È su questo piano – territorialmente ampio, ontologicamente profondo e storicamente lontano – che si giocherà la partita di domani. Quelle nazioni e quegli Stati che sapranno trovare il minimo comune denominatore che fornisca potenza e progettualità saranno quelli che potranno prolungare attivamente la propria storia. Non è un caso che oggi acquistino sempre maggior rilevanza quelle potenze economiche e militari che si collocano in posizione centrale rispetto agli appartenenti alla medesima civiltà. È il caso di Cina e Germania, che si collocano all’epicentro di interessi continentali ma talvolta appaiono rigidi e incapaci di quelle intuizioni che possono creare le condizioni per le svolte epocali.
Per questo sono necessarie quelle culture profonde che, affondando le proprie radici nella grande storia, hanno una ricchezza creativa sedimentata ma mai del tutto esaurita. Attraverso una riscoperta dell’heideggeriana autenticità dell’essere di una civiltà, risalendo all’origine viva, si può dunque trovare quella sorgente da cui sgorga la potenza attorno a cui si coagula una vera civiltà di mezzo.
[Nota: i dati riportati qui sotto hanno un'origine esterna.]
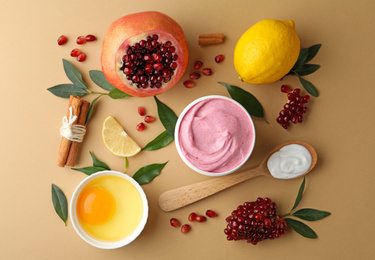 Flat lay composition with natural homemade mask, pomegranate and ingredients on beige background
La politica internazionale è la chiave della politica statale. Agendo nel teatro mondiale, una nazione o si afferma come protagonista, o arretra all’ombra dei grandi. La centralità di una potenza non è mai decisa per sempre. In una sfera il centro è ovunque, pertanto sono i fulcri di potenza storica a fungere da epicentro della storia mondiale.
Ecco quindi il ruolo di quelle che si possono chiamare civiltà di mezzo, le quali, in potenza, rimpiazzano ogni astrattismo con la politica dei fatti, collocata nel reale.